The $852 billion valuation of OpenAI is being questioned by its own investors.

      Some investors claim that OpenAI has changed its product roadmap twice in six months and risks losing direction ahead of a potential IPO anticipated as soon as Q4 2026. OpenAI's new Chief Revenue Officer has accused Anthropic of exaggerating its $30 billion run rate by $8 billion due to its gross accounting practices concerning cloud partner revenue. Both companies assert that they adhere to standard accounting methods.

      OpenAI’s valuation of $852 billion is under scrutiny from some of its investors as the company shifts its focus toward the enterprise sector, according to a report from the Financial Times on Tuesday.

      The concerns revolve around a phase of noticeable strategic instability: OpenAI has altered its product roadmap twice within six months—first due to competition from Google and then from Anthropic—and has recently abandoned several projects, including the Sora video generation launch and an 'adult' chatbot.

      Some investors expressed to the Financial Times that these rapid shifts might expose the company to Anthropic and a resurgent Google, even while it readies for a possible IPO by the end of 2026.

      The criticism is sharp. An early supporter of OpenAI remarked to the Financial Times: "You have ChatGPT, a billion-user business growing at 50-100% per year; why are you discussing enterprise and code? It’s a company lacking focus.”
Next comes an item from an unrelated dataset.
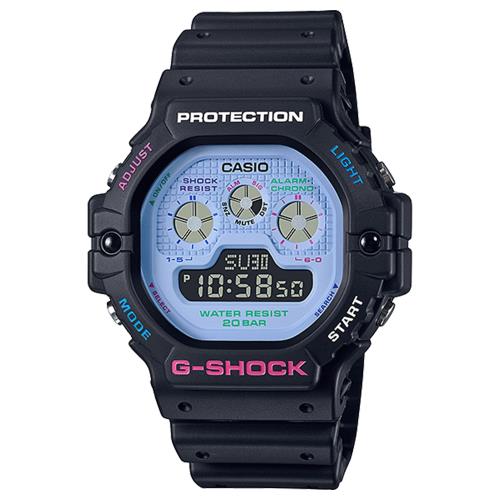 【CASIO 卡西歐】G-SHOCK 全新多彩系列夜間霓虹電子錶(DW-5900DN-1)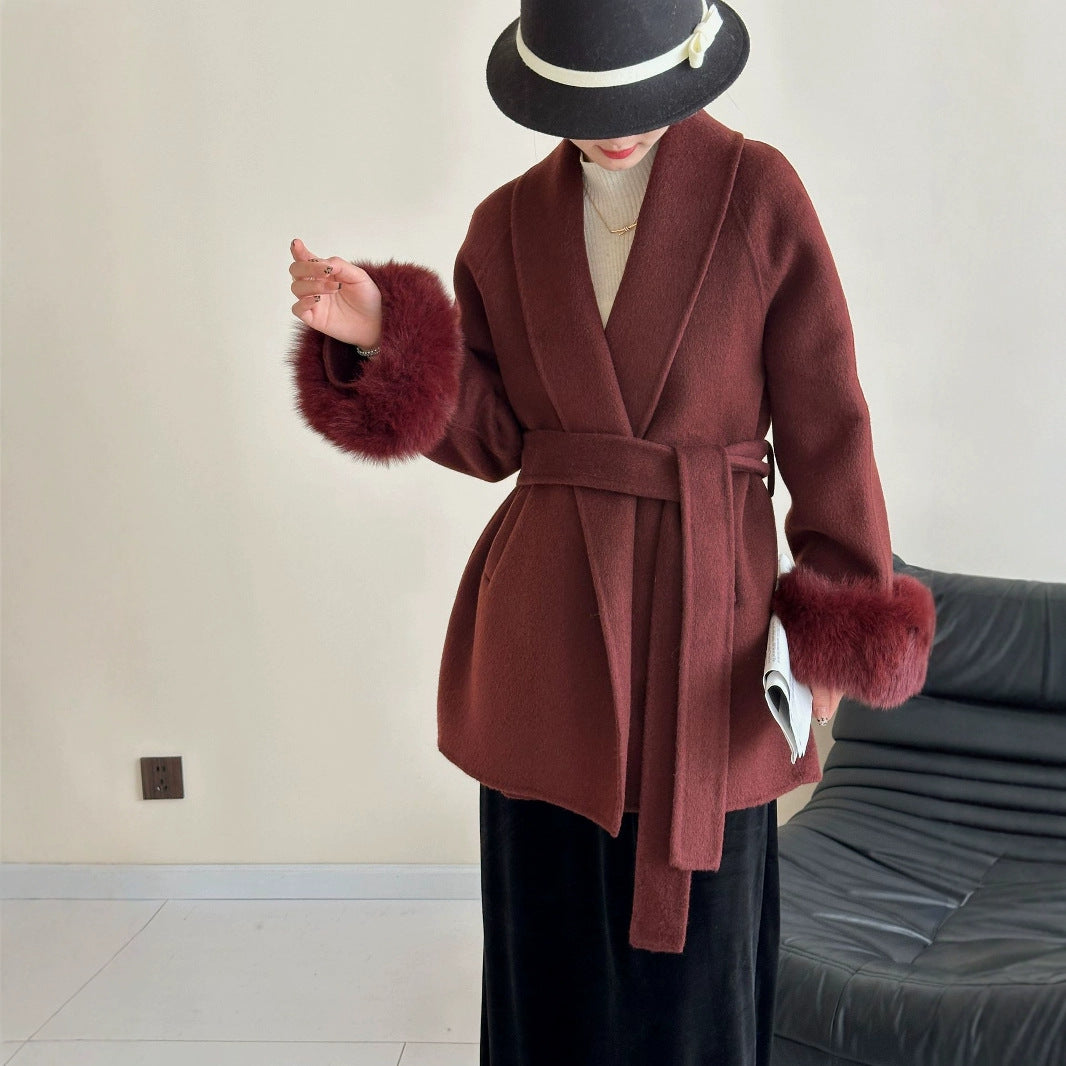 2025 Fox fur shoulder sleeves lapel cuffs removable double-sided wool coat medium and long lace-up woolen jacket autumn and winter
      Jai Das, president of Sapphire Ventures, who isn’t an investor in either OpenAI or Anthropic, further characterized OpenAI as “the Netscape of AI,” comparing it to the once-dominant browser company that was ultimately surpassed by Microsoft and acquired by AOL.

      One investor who has supported both firms mentioned that to justify OpenAI’s latest funding round, they would need to project an IPO valuation of $1.2 trillion or more.

      OpenAI's leadership strongly defended the company. Chief Financial Officer Sarah Friar highlighted the $122 billion fundraising completed last month, deemed the largest private round in Silicon Valley history, supported by major investors like SoftBank, Amazon, Nvidia, Andreessen Horowitz, Sequoia Capital, and Thrive Capital, among over 25 others, as proof of investor confidence.

      “The notion that investors are not backing our strategy contradicts the facts,” Friar stated. “Our raise, the largest on record, was oversubscribed, completed in record time, and supported by a wide range of global investors.”

      Additionally, Friar shared with CNBC that enterprise now constitutes 40% of OpenAI’s overall revenue and is expected to equal its consumer business by the end of 2026.

      OpenAI also aims for 30 gigawatts of computing capacity by 2030 and informed investors last week that it has already secured 8 gigawatts, a capacity it claims Anthropic will not reach until late 2027.

      Central to the competitive concerns is Anthropic’s revenue growth. The maker of Claude saw its annualized run rate surge from about $9 billion at the end of 2025 to $30 billion by the end of March 2026, primarily driven by strong demand for its coding tools.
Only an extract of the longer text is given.